Morel Mushroom Hunting
- 14 Apr, 2021
It’s spring! This means turkeys, fishing, and… a pan full of butter and morel mushrooms! If you don’t already seek out these delicious fungi in the springtime, it’s time to start. Even if mushroom hunting isn’t your primary goal when spending time in the woods in the spring, it can be beneficial to keep an eye out for ‘shrooms when partaking in other activities. The biggest motherlode of morels I have ever encountered was found when I was bowfishing for carp with some friends. We spotted a few mushrooms, then more… and pretty soon the carp pursuit was briefly forgotten and we returned with a couple baseball hats of mushrooms. We fried them in a pan with butter, bacon and crumbled up White Cheddar Cheez-Its for a delicious appetizer.
Your best chance for finding morels is to look in the place you found them last year. Even this is not a guarantee, and there are still many research questions and hypotheses to determining optimal conditions for the fungus to produce the above ground fruiting body structure that we eat. It’s great to have a honey hole for shrooms, but expanding your search to new areas over time will be even more beneficial.
Places where the environment has weathered some kind of disturbance, such as a forestry cut or a burn, are great for finding morels. While the exact mechanisms are not fully known, researchers hypothesize that the relationship between the fungus and the trees’ root systems that the fungus uses for nutrients undergoes a change when disturbance occurs. This can trigger the fungus, which lives underground, to produce an above-ground fruiting body to help spread spores and reproduce.

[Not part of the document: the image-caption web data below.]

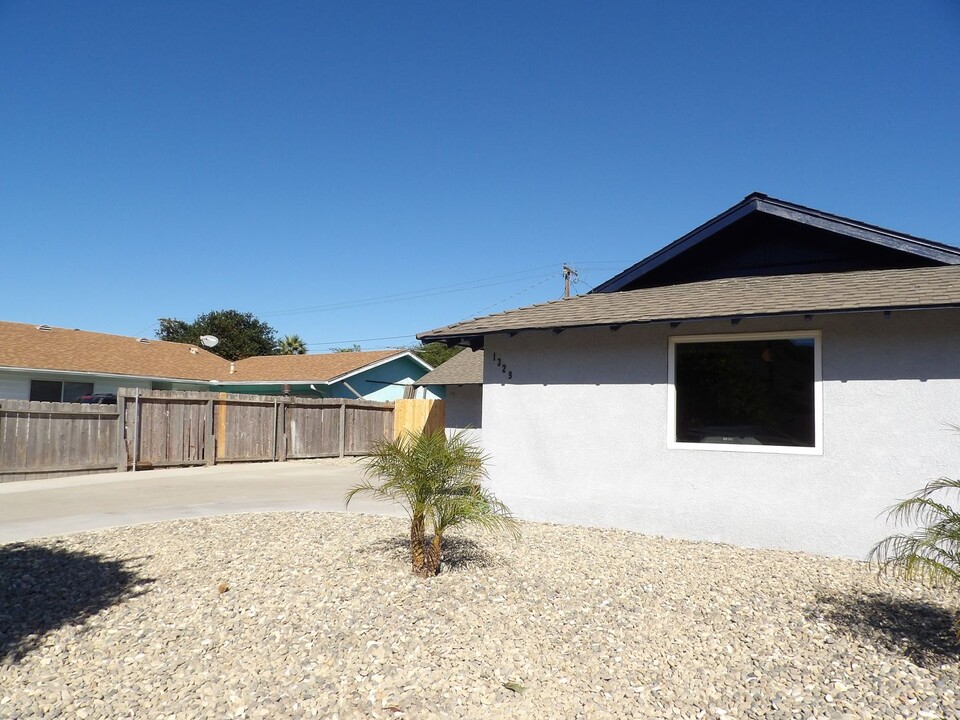 1329 W Loquat Ave in Lompoc, CA - Building Photo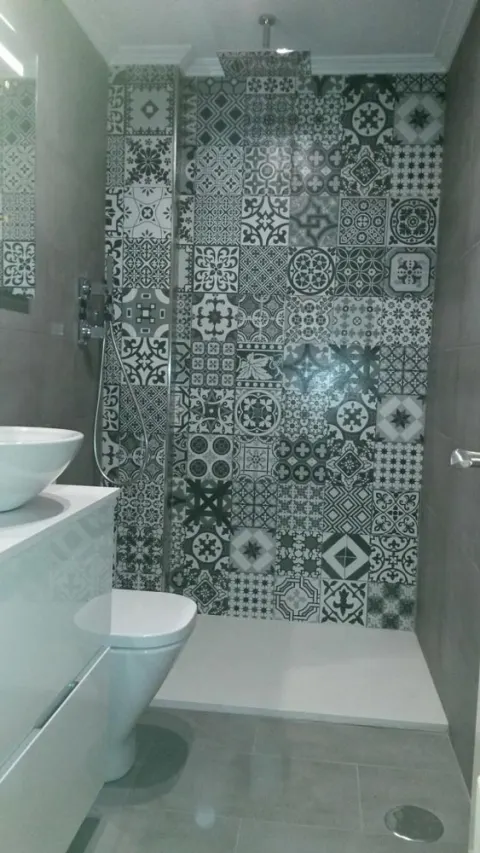 Baño con azulejo hidráulico en la ducha — Baños y cocinas por Reformas Monroy
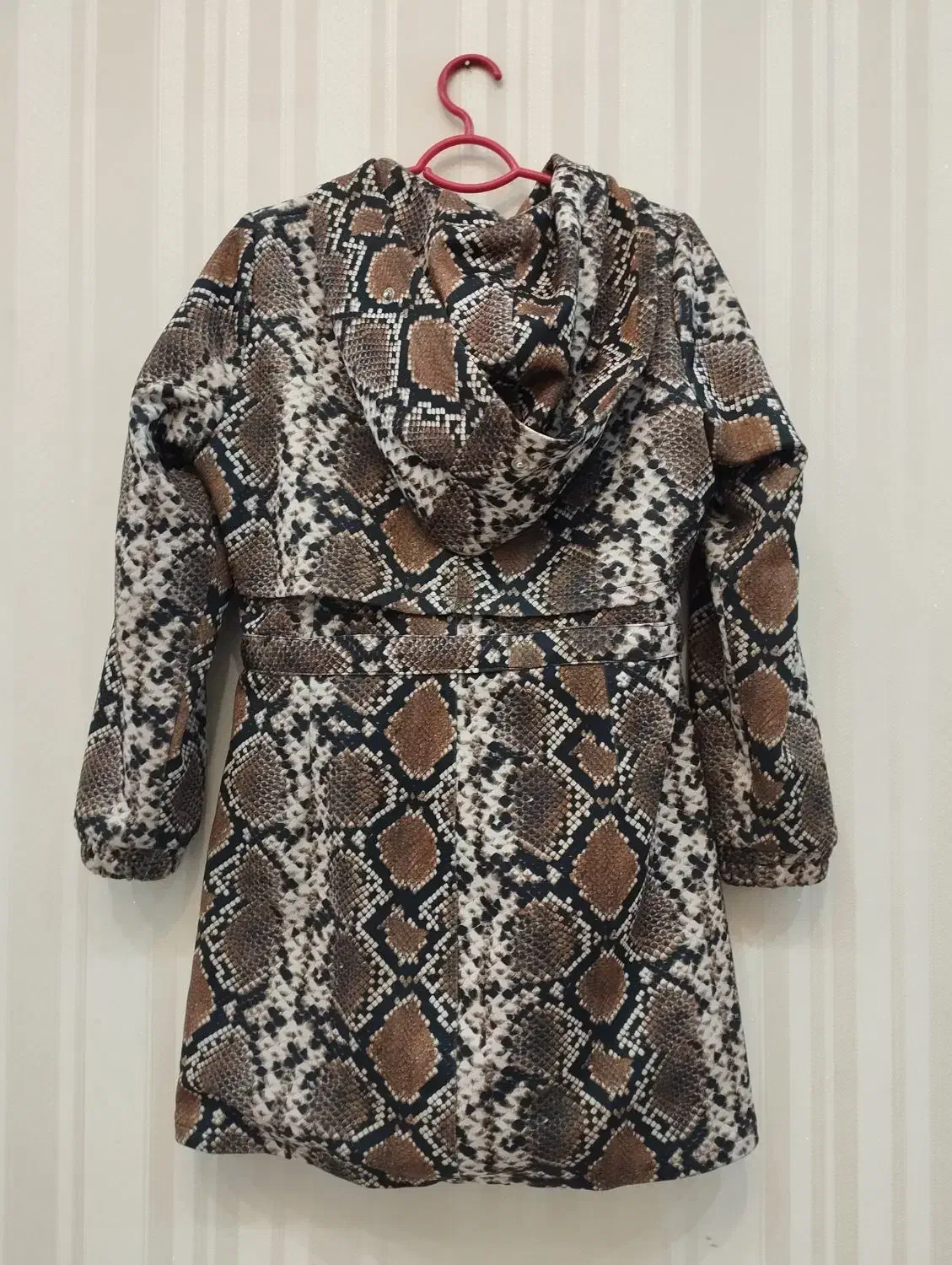 کاپشن|لباس|قم, انسجام|دیوار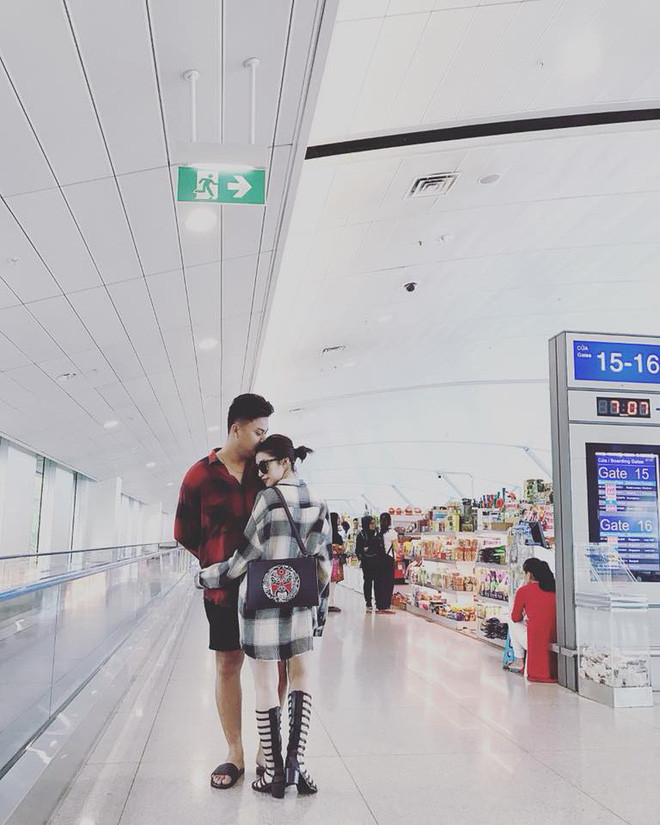 Theo lời của Vân Navy thì cô và người yêu hiện tại đã gặp nhau vào khoảng thời gian khó khăn nhất cuộc đời cô kể từ khi bước chân ra ngoài tự lập.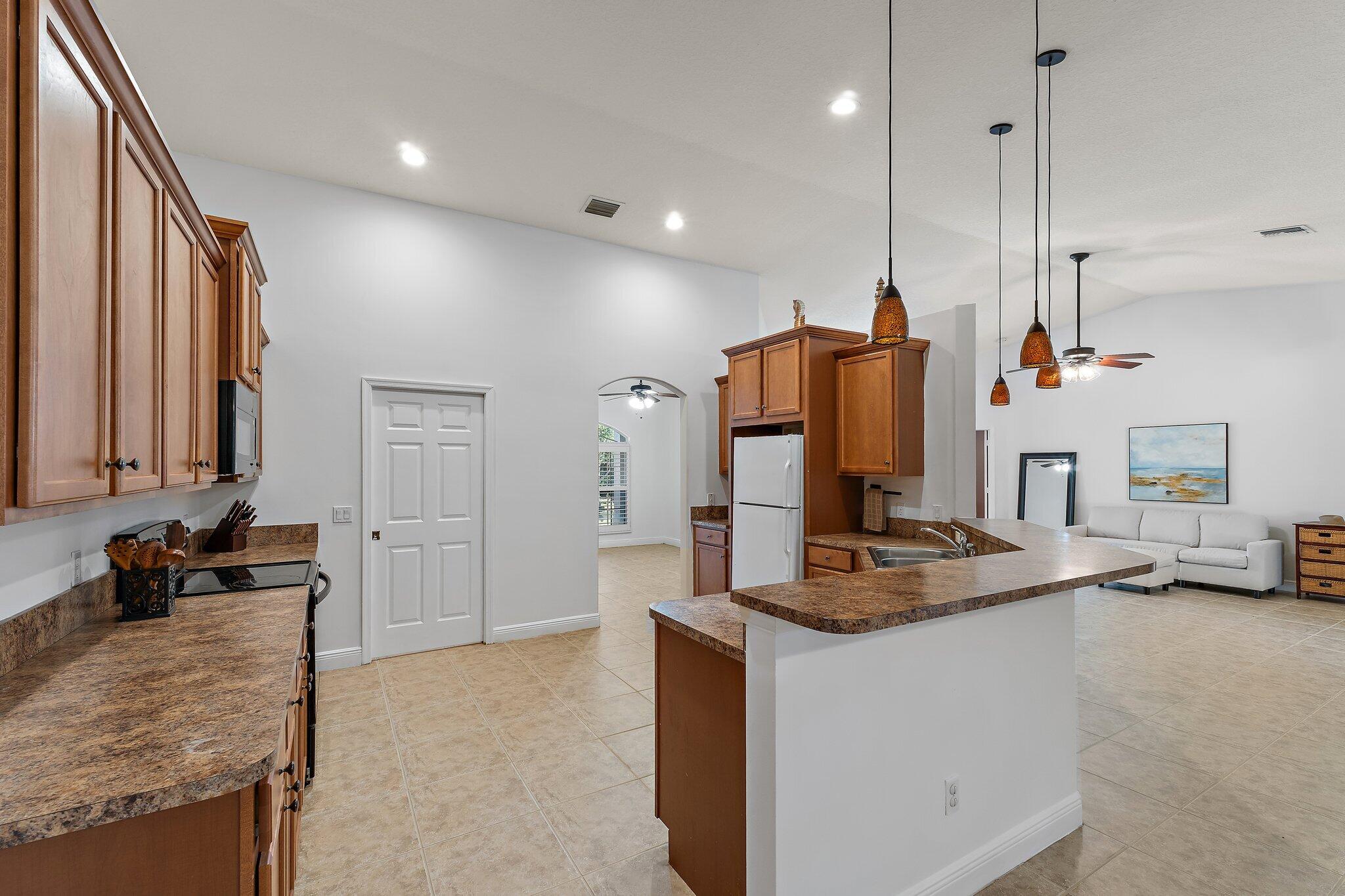 9608 Mockingbird Trail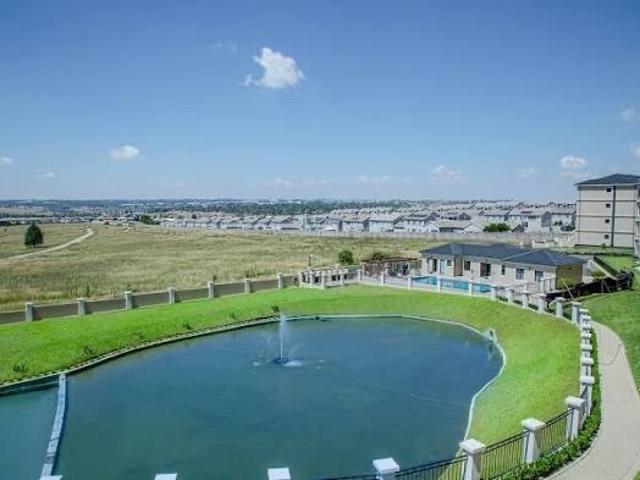 Apartment for rent in Crowthorne, City of Johannesburg Metropolitan Municipality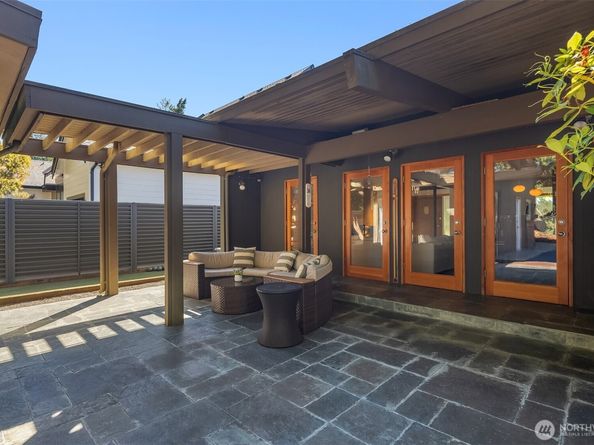 150 131st Avenue NE, Bellevue WA 98005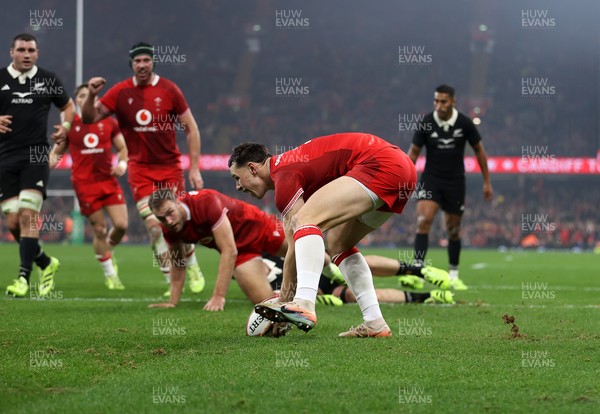 221125 - Wales v New Zealand All Blacks - Quilter Nations Series - Tom Rogers of Wales runs in to score a try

Along the same lines of cuts and burns is searching for mushrooms around dead trees. Sections of forest that have sustained damage from insects like beetles or from major storms can also trigger mushroom growth.
Look around specific tree species
Regionally, mushroom hunters often notice a relationship between certain tree species and morels. These associations can differ regionally, so taking some time to learn common trees that support morel growth in your area can help. When you find morels, take note of the tree species in the area and over time you might develop some observations of your own. Sycamores, yellow poplar, elm and ash trees are known as good species to focus on for mushroom hunting. In many areas of the country, elm and ash trees sustain major die offs from insects, which also produce disturbance.
A well-known place to search for morels in is old apple orchards or places where apple trees have been removed. Overgrown old orchards at homesteads can produce lots of mushrooms!
Go at the right time
Peak morel season differs from place to place. You’ll want optimal soil temperature (between 50 and 60 degrees) and moisture for morels to pop. If a good looking spot is devoid of mushrooms, come back the next week and check again in case conditions weren’t quite right yet.
Aspect and soil type
In a given area, morels will commonly emerge on south-facing slopes first. As the season progresses and the shadier sides of hills warm up, you’ll be able to find them on those slopes. Morels thrive in sandy soil, especially sandy soil that has undergone disturbance. A great place to look is islands or river bottoms that frequently flood with nutrients and water.
Finding morels is a competitive, fun activity that just about anyone can try. Use these tips to help focus in on areas where you will have a higher likelihood of finding these mushrooms! When harvesting mushrooms, there are a few things to keep in mind. False morels can make you sick. They look like morels but are not hollow inside like true morel mushrooms are. If you’re picking morels, leave part of the mushroom in the ground and pinch off the edible part with your finger. Some mushroom hunters carry their harvest in a mesh bag to allow the spores to disperse throughout the woods. Everyone has their favorite morel recipes, so a good Google deep dive will provide tons of inspiration for the best part of mushroom hunting: mushroom eating!